A noção de pátria para setores da burguesia brasileira não ultrapassava os limites da propriedade privada, da mesma forma que para o imperialismo norte-americano suas fronteiras se estendiam até onde se encontrassem explorações da Standard Oil, laboratórios da Johnson & Johnson, usinas da Bond & Share, empreendimentos da ITT, minas da Hanna, lojas da Sears, agências do City Bank, fábricas da Coca-Cola e outros empreendimentos industriais e financeiros. E num país como o Brasil, onde o capital era predominantemente estrangeiro e o trabalho nacional, as lutas de classes aprofundavam a contradição antiimperialista e com ela se identificavam (BANDEIRA, Moniz. Rio de Janeiro: Civilização Brasileira, 1983, p. 142).
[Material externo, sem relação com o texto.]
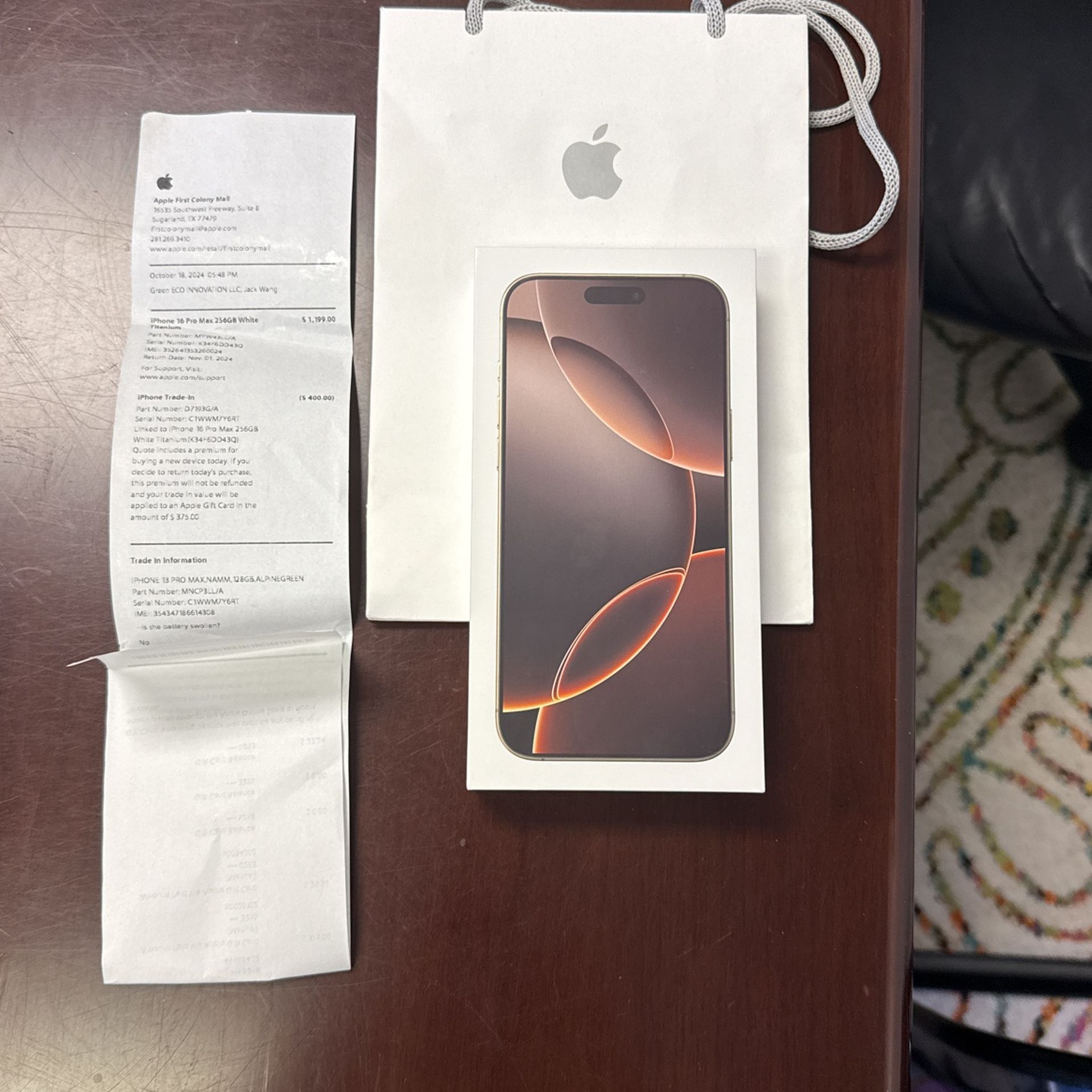 New phone, unopened and unactivated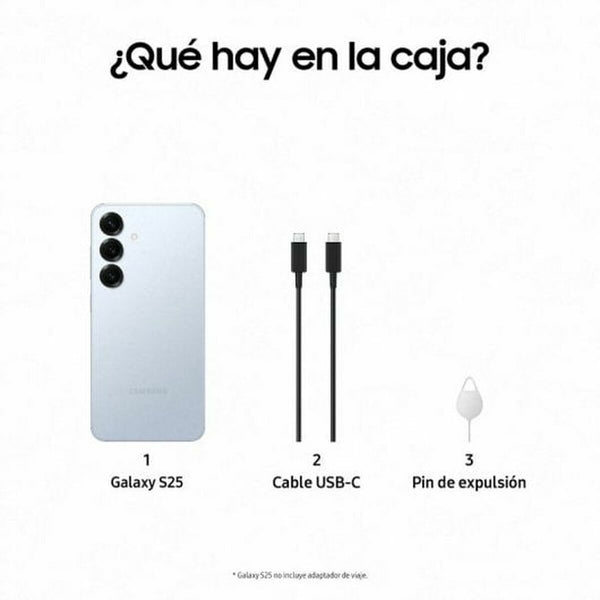 Smartphone Samsung Galaxy S25 Plus AI 6,7" Qualcomm Snapdragon 8 Elite 12 GB RAM 512 GB Blau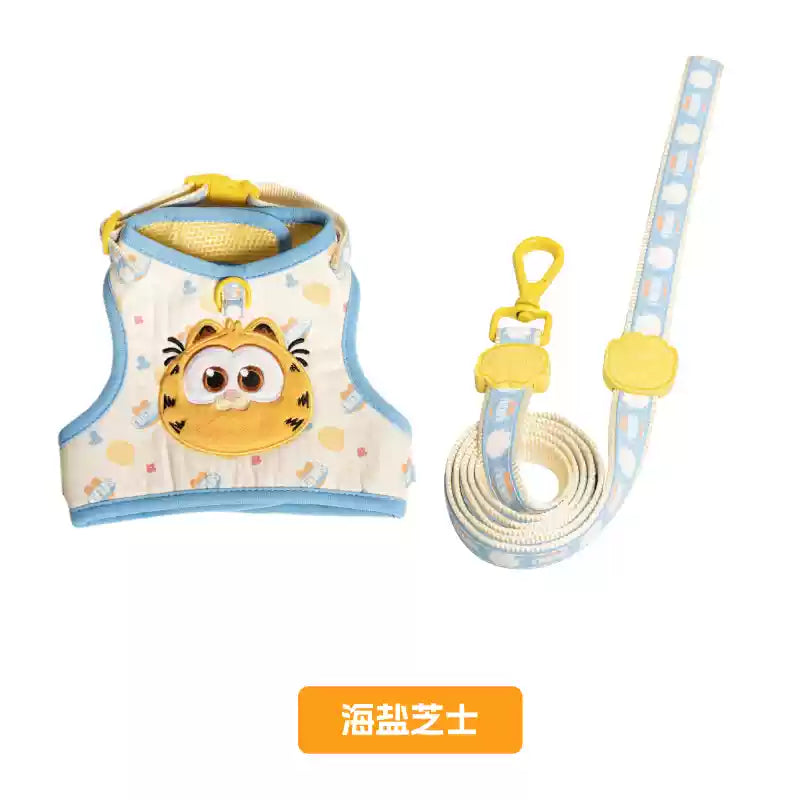 Pawsville Garfield Leash & Harness Set For Dog - Maokids Pet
Esse cenário de conflitos e a expectativa dos EUA, foi alimentada por Júlio de Mesquita Filho que não só assumiu a possibilidade do Brasil se tornar uma nova Cuba, como alertou os norte-americanos para que ficassem preparados frente a iminente guerra nuclear que se aproximava. Dias após essa fala, o presidente Kennedy foi assassinado nos EUA (segundo Moniz, por um homem ligado a CIA e que estaria à serviço de forças reacionárias à direita de Kennedy) e a impressão era de que a nova política externa dos EUA passaria por uma maior rigidez, fato que aconteceu com a subida de Lyndon Jonhson ao poder. Kennedy não era contrário aos interesses imperialistas dos EUA, pelo contrário, era um de seus portas vozes chegando a reconhecer golpes na América do Sul como os vistos na Argentina e no Peru. Além disso, vinha impondo duras restrições ao Brasil. Entretanto, o que era cobrado dele seria a intensidade dessas ações imperialistas, sofrendo com isso forte oposição de forças políticas ainda mais agressivas que o seu governo. A política externa do novo presidente viria para atender a esses setores, sedentos por dominação. 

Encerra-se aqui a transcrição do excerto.